With what the company itself refers to as a “war chest,” Caliva intends to expand its portfolio of products as well as ramping up its efforts courting cannabis users in California through a combination of branded brick and mortar stores, direct to consumer sales and sales to distributors. While state regulations slowed the overall market over the last year, Caliva grew its revenues by 350 percent, growing its company to 440 workers.
A general partner at Liquid 2 Ventures, Montana isn’t new to cannabis investing. In 2017, the former quarterback participated in a seed round for Herb, a cannabis-focused media company.

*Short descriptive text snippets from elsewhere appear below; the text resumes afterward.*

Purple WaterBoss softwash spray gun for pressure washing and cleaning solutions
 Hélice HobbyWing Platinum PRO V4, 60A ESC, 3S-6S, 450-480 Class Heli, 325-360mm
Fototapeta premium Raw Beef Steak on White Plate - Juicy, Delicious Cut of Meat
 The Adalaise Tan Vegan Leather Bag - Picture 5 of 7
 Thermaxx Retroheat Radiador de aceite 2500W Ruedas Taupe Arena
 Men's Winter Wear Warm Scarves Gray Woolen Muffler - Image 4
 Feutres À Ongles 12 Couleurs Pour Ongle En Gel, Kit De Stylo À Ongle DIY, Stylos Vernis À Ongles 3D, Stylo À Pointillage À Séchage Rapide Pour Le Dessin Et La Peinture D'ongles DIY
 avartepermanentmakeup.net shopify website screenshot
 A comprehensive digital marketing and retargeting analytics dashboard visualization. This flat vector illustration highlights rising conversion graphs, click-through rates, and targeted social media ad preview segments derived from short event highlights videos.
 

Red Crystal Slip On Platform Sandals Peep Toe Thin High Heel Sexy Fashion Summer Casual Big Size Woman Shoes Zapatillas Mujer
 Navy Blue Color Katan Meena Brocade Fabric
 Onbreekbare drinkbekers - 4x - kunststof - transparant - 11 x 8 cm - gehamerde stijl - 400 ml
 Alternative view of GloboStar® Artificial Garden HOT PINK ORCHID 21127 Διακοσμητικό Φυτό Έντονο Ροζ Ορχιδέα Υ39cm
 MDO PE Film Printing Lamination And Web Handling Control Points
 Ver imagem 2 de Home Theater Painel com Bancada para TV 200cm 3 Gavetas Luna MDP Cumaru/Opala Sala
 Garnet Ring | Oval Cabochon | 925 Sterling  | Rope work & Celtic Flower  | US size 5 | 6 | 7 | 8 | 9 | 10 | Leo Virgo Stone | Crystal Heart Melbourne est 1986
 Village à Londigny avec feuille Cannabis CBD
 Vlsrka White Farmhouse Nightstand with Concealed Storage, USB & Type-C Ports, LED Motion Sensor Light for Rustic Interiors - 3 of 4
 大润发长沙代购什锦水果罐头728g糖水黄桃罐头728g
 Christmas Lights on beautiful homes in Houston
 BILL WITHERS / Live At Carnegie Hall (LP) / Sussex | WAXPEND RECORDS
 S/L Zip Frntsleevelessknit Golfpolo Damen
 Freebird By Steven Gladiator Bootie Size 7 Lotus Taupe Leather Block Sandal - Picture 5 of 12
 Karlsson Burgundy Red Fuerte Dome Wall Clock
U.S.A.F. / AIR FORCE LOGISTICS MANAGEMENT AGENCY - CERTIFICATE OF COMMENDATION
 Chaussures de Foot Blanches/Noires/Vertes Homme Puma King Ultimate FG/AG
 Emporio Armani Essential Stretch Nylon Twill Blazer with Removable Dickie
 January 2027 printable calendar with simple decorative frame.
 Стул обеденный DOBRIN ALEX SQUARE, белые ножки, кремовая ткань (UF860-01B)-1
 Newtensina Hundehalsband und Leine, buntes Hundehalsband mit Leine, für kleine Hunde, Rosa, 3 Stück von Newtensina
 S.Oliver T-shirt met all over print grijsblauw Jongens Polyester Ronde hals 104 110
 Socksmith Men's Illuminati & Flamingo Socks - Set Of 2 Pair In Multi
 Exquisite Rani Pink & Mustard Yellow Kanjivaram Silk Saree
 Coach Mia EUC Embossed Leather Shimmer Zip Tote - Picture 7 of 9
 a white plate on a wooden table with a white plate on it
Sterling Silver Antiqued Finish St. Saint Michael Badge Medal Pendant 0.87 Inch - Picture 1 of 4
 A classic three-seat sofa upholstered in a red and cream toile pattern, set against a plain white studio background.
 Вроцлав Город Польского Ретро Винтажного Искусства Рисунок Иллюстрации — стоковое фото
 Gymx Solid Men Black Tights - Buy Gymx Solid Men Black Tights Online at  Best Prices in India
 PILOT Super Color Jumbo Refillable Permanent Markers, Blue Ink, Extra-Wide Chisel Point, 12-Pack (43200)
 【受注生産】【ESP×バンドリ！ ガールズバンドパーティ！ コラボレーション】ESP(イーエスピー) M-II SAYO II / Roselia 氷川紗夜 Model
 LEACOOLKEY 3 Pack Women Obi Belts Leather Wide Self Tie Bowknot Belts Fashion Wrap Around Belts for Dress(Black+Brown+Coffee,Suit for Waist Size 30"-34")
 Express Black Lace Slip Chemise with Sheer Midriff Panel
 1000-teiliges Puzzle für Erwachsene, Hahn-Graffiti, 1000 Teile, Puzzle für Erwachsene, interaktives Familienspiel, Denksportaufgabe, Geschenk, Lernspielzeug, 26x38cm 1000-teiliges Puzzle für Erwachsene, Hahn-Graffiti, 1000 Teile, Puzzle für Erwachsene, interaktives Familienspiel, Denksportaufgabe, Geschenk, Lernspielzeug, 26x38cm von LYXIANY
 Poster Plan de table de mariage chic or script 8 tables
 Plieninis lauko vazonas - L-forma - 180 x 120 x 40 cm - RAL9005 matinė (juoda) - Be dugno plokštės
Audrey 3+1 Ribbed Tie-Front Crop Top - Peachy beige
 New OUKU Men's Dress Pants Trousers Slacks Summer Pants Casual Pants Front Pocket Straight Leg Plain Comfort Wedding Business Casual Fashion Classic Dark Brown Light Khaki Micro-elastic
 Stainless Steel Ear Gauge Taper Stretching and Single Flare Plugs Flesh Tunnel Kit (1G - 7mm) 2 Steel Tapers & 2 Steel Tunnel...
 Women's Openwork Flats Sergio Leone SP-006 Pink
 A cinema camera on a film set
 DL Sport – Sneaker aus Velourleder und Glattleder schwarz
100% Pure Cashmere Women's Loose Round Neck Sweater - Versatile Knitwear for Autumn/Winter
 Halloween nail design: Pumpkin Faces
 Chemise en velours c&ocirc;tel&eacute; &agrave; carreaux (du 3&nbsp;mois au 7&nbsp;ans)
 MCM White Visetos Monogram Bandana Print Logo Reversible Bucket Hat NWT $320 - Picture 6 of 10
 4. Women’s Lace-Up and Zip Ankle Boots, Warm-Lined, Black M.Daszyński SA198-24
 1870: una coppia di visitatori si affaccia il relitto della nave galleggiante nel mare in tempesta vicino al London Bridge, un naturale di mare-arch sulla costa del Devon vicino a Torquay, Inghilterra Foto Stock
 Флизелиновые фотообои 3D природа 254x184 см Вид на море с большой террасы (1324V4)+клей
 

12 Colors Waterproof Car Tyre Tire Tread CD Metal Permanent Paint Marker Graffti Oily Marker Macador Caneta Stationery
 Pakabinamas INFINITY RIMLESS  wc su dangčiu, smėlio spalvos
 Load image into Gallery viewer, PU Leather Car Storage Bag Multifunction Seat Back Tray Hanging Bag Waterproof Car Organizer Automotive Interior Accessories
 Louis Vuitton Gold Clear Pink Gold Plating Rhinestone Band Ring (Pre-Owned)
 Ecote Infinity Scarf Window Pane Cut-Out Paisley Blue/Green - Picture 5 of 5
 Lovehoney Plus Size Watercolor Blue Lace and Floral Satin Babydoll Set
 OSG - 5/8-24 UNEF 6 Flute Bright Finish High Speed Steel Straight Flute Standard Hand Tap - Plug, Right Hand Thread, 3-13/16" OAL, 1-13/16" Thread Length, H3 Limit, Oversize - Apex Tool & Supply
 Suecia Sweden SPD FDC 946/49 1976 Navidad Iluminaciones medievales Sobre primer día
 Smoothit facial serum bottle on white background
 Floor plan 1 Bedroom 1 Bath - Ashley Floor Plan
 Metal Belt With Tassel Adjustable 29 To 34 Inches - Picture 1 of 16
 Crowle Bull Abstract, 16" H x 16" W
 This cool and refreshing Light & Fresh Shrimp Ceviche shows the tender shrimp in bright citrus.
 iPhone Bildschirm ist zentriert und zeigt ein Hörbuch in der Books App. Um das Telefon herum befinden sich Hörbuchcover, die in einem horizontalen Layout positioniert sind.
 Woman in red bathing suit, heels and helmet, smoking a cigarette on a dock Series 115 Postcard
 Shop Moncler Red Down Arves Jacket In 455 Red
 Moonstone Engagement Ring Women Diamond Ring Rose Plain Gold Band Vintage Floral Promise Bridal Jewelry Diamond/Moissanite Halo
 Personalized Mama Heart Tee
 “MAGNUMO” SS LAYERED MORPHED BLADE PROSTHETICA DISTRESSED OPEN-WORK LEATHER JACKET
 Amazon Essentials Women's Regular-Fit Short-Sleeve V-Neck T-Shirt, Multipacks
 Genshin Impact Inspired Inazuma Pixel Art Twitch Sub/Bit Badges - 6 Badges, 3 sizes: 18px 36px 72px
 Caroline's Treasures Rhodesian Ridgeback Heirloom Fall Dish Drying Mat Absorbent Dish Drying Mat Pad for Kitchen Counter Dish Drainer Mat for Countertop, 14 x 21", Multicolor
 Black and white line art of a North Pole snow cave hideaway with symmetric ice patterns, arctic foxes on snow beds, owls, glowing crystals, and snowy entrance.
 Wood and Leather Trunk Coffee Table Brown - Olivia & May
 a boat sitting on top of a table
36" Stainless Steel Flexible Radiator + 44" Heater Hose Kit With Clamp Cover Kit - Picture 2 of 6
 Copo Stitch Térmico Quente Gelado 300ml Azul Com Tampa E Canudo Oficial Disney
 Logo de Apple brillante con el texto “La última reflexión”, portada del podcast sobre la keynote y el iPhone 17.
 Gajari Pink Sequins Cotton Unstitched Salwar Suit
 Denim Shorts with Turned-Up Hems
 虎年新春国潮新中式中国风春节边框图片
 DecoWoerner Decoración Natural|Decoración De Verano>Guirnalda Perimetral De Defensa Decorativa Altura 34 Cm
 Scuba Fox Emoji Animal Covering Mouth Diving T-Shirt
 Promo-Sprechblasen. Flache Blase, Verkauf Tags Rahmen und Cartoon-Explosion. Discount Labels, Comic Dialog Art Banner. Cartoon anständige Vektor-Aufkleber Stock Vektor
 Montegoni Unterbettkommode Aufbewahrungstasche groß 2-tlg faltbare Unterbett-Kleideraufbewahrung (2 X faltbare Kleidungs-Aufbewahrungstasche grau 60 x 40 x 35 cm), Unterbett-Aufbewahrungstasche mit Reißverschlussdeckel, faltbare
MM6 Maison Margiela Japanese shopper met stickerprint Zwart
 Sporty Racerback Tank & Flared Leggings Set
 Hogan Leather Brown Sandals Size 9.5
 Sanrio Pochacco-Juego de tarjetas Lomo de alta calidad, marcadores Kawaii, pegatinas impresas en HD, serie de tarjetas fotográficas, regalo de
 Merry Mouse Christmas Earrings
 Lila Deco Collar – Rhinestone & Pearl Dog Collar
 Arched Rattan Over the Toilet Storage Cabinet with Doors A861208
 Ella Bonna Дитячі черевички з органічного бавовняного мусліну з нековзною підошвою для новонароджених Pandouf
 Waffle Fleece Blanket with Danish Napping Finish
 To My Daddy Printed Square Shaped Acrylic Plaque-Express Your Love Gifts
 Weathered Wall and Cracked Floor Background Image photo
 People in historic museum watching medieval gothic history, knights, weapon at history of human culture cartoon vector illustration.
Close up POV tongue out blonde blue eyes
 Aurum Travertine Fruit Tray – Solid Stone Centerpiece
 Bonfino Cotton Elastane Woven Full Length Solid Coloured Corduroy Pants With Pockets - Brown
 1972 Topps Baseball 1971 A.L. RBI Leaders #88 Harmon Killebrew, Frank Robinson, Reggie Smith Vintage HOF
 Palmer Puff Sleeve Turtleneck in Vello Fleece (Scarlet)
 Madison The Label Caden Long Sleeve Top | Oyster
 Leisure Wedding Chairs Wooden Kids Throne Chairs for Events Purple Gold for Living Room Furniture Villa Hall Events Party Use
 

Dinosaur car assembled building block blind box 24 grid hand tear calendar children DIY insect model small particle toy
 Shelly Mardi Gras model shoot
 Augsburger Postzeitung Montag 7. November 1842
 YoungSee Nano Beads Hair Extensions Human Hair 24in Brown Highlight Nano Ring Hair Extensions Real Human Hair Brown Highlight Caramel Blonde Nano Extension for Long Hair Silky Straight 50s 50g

Given the extreme toll pro sports take on the human body, it’s not uncommon for former athletes to get involved in the cannabis business, particularly with CBD products.
“As an investor and supporter, it is my opinion that Caliva’s strong management team will successfully develop and bring to market quality health and wellness products that can provide relief to many people and can make a serious impact on opioid use or addiction,” Montana said of his interest in the cannabis industry.
Caliva currently operates a popular retail location situated conveniently for Silicon Valley’s droves of weed acolytes, but the company is more than just a well-liked dispensary. Beyond just carrying popular brands, Caliva sells its own products at its own stores — everything from vape pen oil cartridges to pre-rolls — in addition to operating a distribution center nearby.
“I know great opportunities when I see them,” said Bartz, who will also join the company’s board.